Still, though, what's the point of sending the Upgrade header if backend services don't support it? (Or is it that they do, they just require that the same TCP connection be used?)

@edrex I would certainly like to give it a try. I have a "works for me" patch that I can't submit because it has a much different philosophy and potential problems. It checks if the connection and upgrade request headers are set for websocket, and in that case it skips the transport and hijacks the connection.

@mholt An exact prefix would be better, since the websocket URLs may be dynamically generated. But the websocket RFC states that unless the server aknowledges the connection upgrade, http semantics remain. Thus an edge case issue would still remain.

@andmarios Interesting, your "works for me" patch sounds similar to what I just mentioned, where the proxy's base path is the exact and full path to the websocket; because if we knew for sure the request was going to be a websocket, we could skip the roundtrip in the first place.

But I agree it's not ideal. And I kind of would rather find a proper way to do this by reusing the connection.

Could we write our own transport from which we can obtain the connection? Maybe embed http.DefaultTransport or something?

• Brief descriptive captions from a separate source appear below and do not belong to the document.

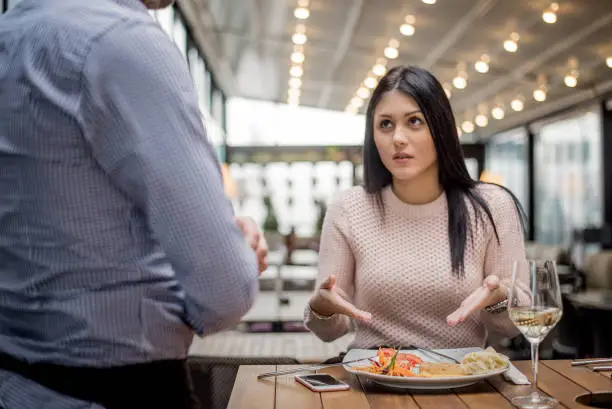 Photo of Portrait of woman complaining about food quality in restaurant.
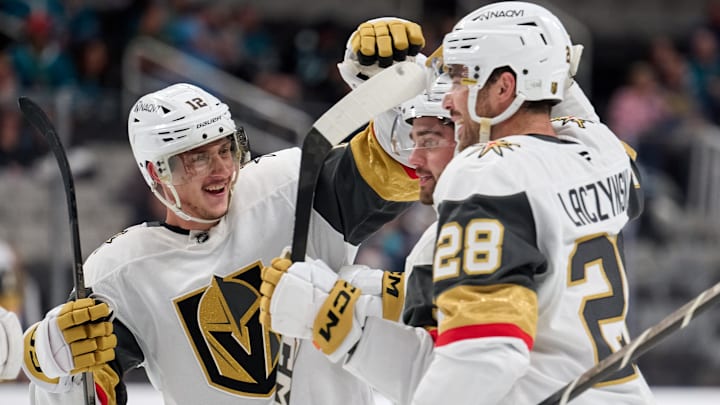Sep 26, 2025; San Jose, California, USA; Vegas Golden Knights defenseman Lukas Cormier (51, center) celebrates with center Jakub Brabenec (12) and center Tanner Laczynski (28) after scoring the game-winning power play goal against the San Jose Sharks during the third period at SAP Center at San Jose. Mandatory Credit: Robert Edwards-Imagn Images
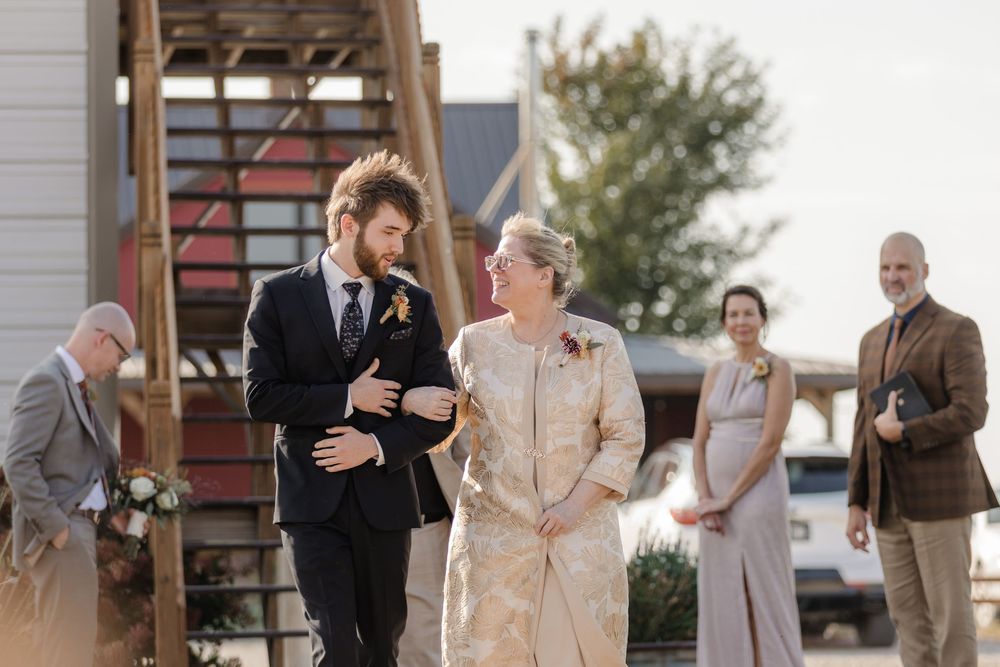 Wedding guests share emotional reactions and embraces during an outdoor ceremony.
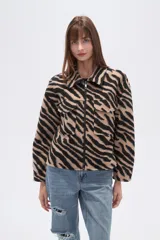 Campera estilo camisa (shacket) cropped, con cuello, cierre frontal y dos bolsillos con tapa en el pecho. Presenta un estampado de cebra en tonos beige y negro.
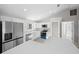Kitchen with white shaker cabinets, stainless steel appliances, and wood-look flooring at 281 Locust Pass, Ocala, FL 34472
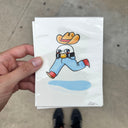 A hand holds an artwork featuring a cartoon character wearing a yellow-orange cowboy hat, a black-and-white striped shirt, blue pants, and red shoes, with a light blue splash underneath.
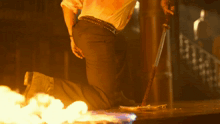 a man kneeling down holding a sword in front of flames
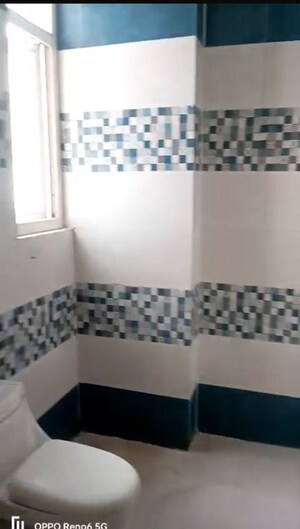 Bathroom in 2 BHK Apartment at Grah Avas Green View Heights, Raj Nagar Extension – for Rent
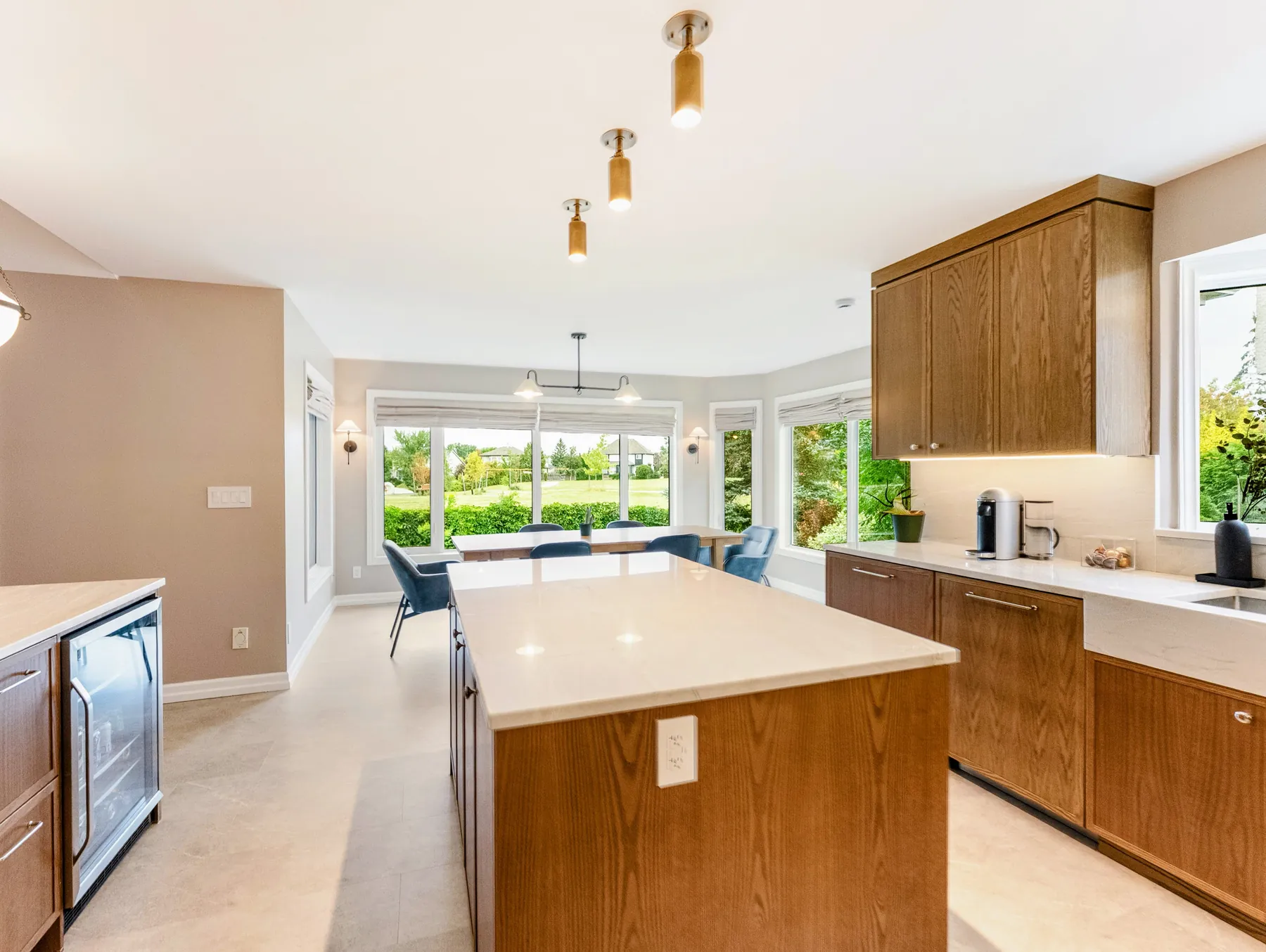 White-oak kitchen island, with the beverage fridge in the bar alongside and the dining bay beyond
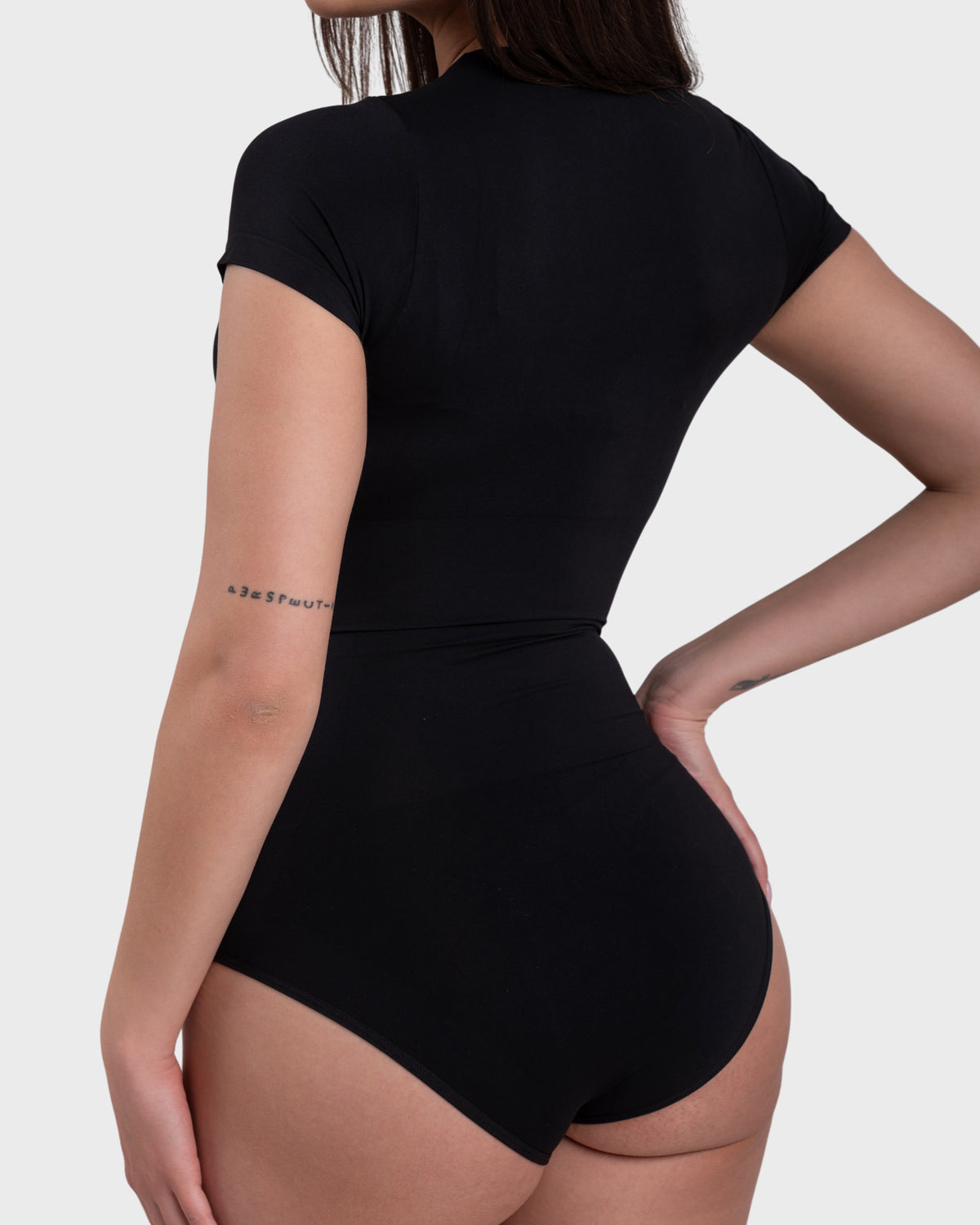 Short Sleeve Crew Neck Bodysuit in black – side view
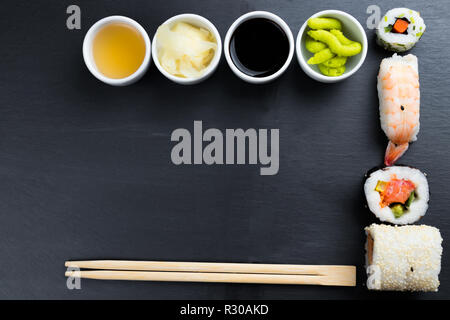 Typische asiatische Küche auf schwarze Küche Schiefer. Ingwer, Japanische Meerrettich Wasabi, Soja- und Fischsauce in kleinen weißen Schalen. Stäbchen. Sush Stockfoto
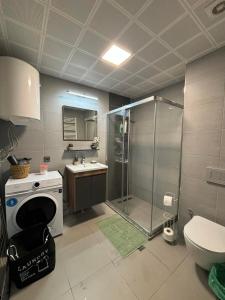 une salle de bains avec douche, toilettes et lavabo dans l'établissement Sky Angel Apartment, à Skopje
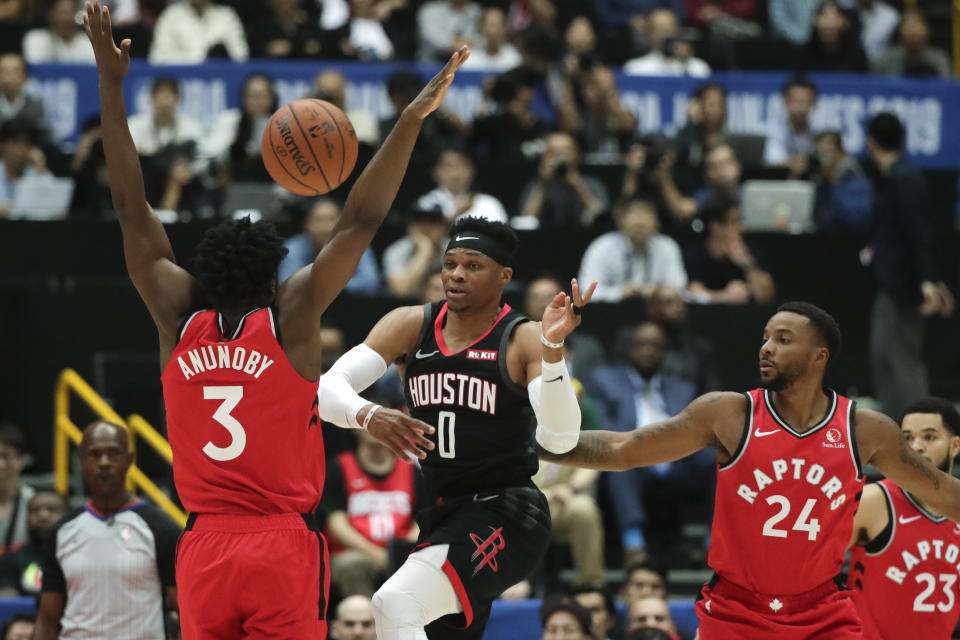 Houston Rockets' Russell Westbrook, center, passes the ball under pressure by Toronto Raptors' OG Anunoby, left, and Norman Powell during the first half of an NBA preseason basketball game Tuesday, Oct. 8, 2019, in Saitama, near Tokyo. (AP Photo/Jae C. Hong)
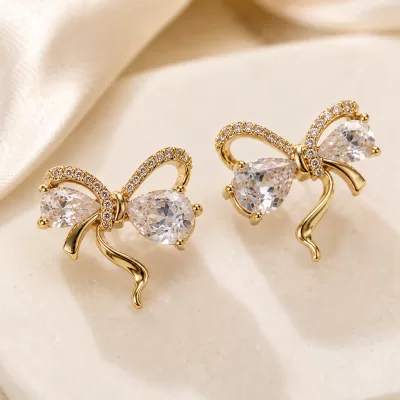 JIYARA Crystal Bow Stud Earrings – Gold Tone
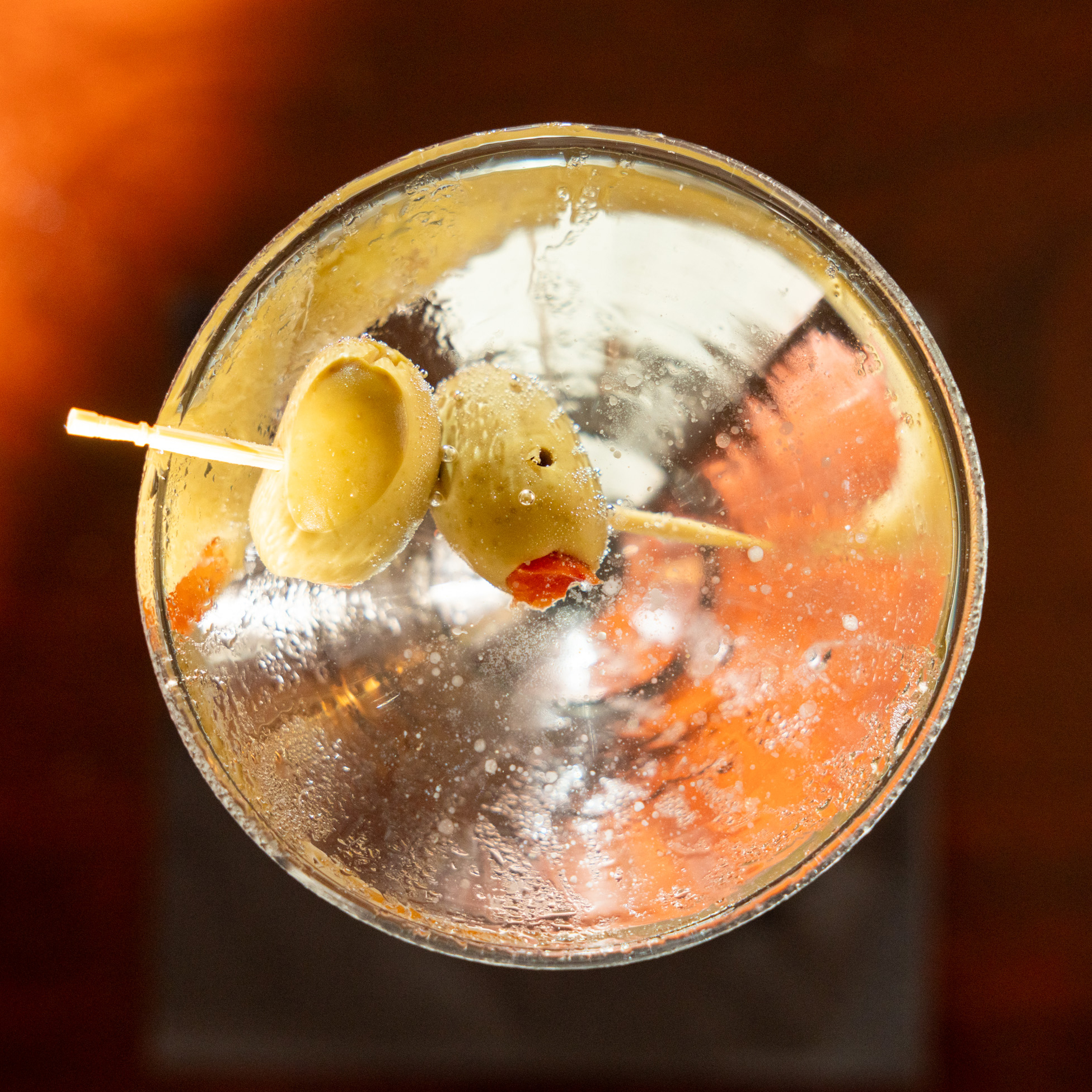 A glass of clear cocktail is garnished with two green olives speared on a toothpick viewed from above. The liquid has condensation on the glass.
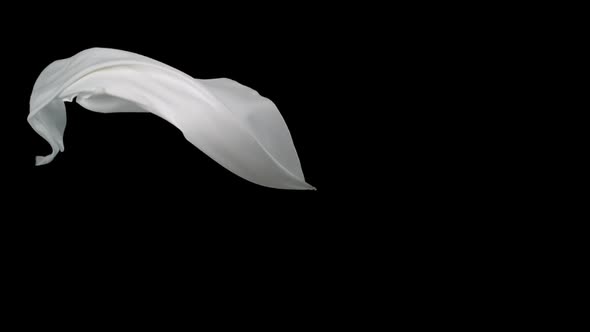 White fabric flowing on black background, Slow Motion alt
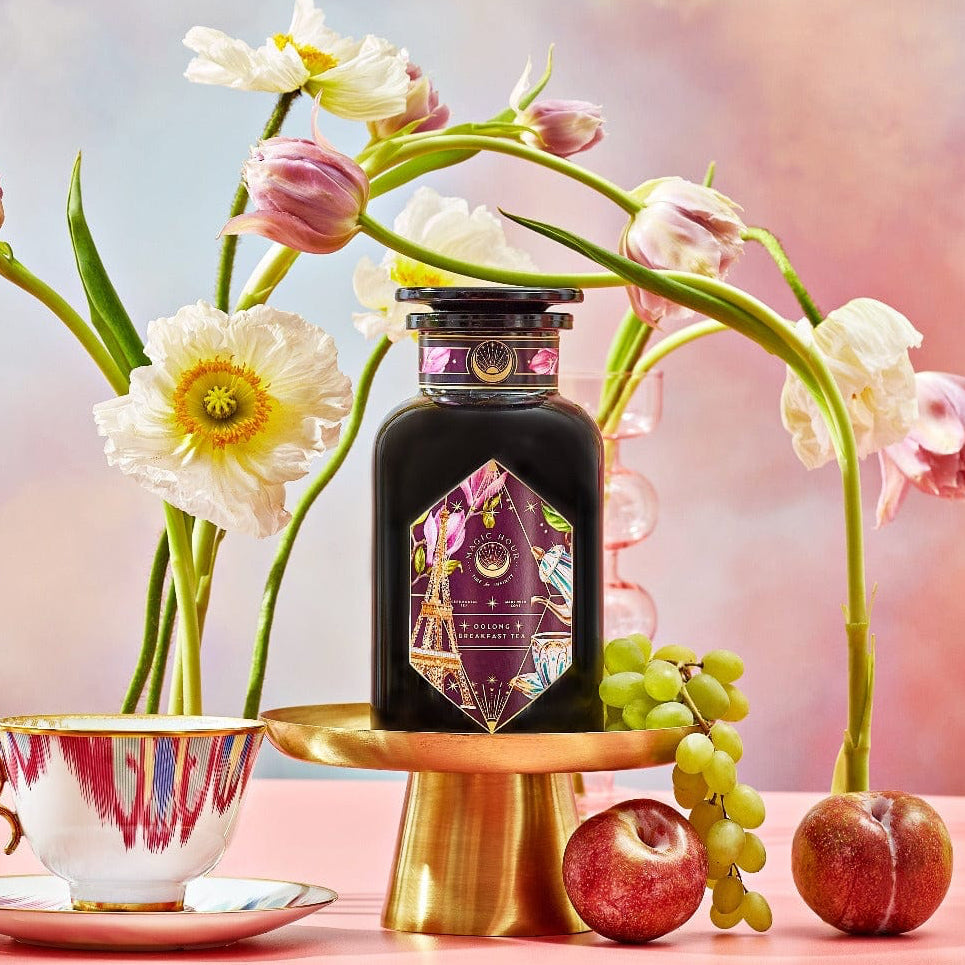 A bottle of "Breakfast in Paris-Oolong Black Tea Scented with Fruits & Flowers of Secret Parisian Gardens" is elegantly showcased on a gold stand, accompanied by flowers, fruits, and a teacup with a saucer. The background captures the essence of secret Parisian gardens, featuring a pastel gradient of soft pink, blue, and yellow tones.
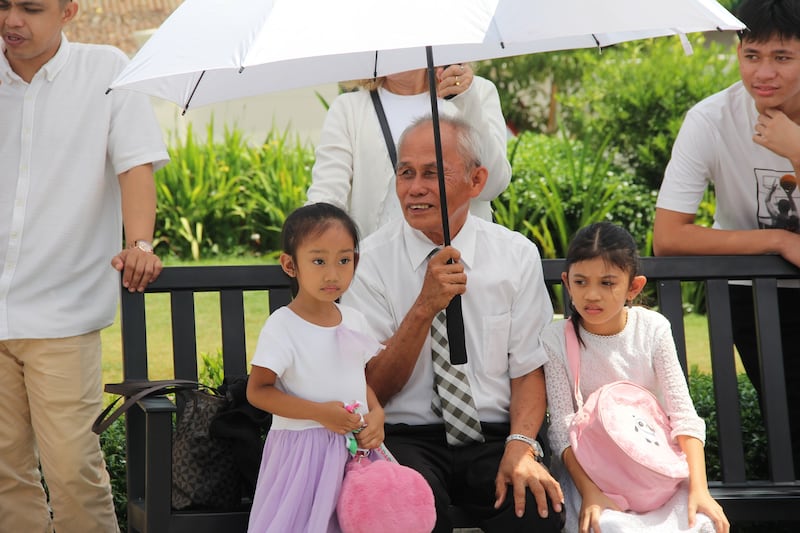 Un abuelo se sienta bajo una sombrilla con dos niñas en los terrenos del Templo de Davao, Filipinas, el último día de la casa abierta al público, el 10 de abril de 2026.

(Either way, +1 on you trying -- go for it!)

I'm of two minds re: explicit websockets vs "just works always". I think making it "just work", if it's possible, is more in line with the Caddy philosophy.

@mholt I like your idea about changing the type of p.Transport from http.RoundTripper to something that lets us get the connection, and from which we can get an http.RoundTripper. Seems like a straightforward refactoring which would make a clean solution using p.Transport possible.

I'd also remove the proxy { websocket } directive param, unless folks want to keep the ability to leave this handling off at runtime.

I'll try these things and push up soon. If anybody is itching to make this happen I can push my WIP and let you have at it.

Please go for it, a pull request to review is progress and learning for the rest of us too :smile:

Today I'm working on $DayJob but tomorrow I'll be back to getting Caddy 0.8.3 ready to release, which hopefully will include a fix for this too! Let me know if you have any questions, we're also in gitter.

@edrex are you still working on this issue?

This issue has prevented me from using caddy, I have to fall back to nginx since no walkaround found

I have the same with the socket.io

@cgcgbcbc sorry, was away from internet for several weeks. I'm not currently working on this, see https://github.com/mholt/caddy/pull/764

Is the issue here with socket.io's implementation of websockets that necessitates a single connection to the backend? Or are there other implementations that break as well?

As far as I understand it, the relatively simple solution would be to just provide our own Dial function to Transport that would let us keep a reference to the connection. I could test something, but I'm not 100% sure on how to reproduce the issue discussed in this thread.

@nemothekid my WIP in https://github.com/mholt/caddy/pull/764 includes a failing test. The first two commits would be a good starting point, if you blow away the last one.

@edrex Can you test out #987 in a "real world" test?

@nemothekid I'm able to connect to a socket.io server through caddy with your patch. Nice!

This issue should be fixed with the inclusion #987.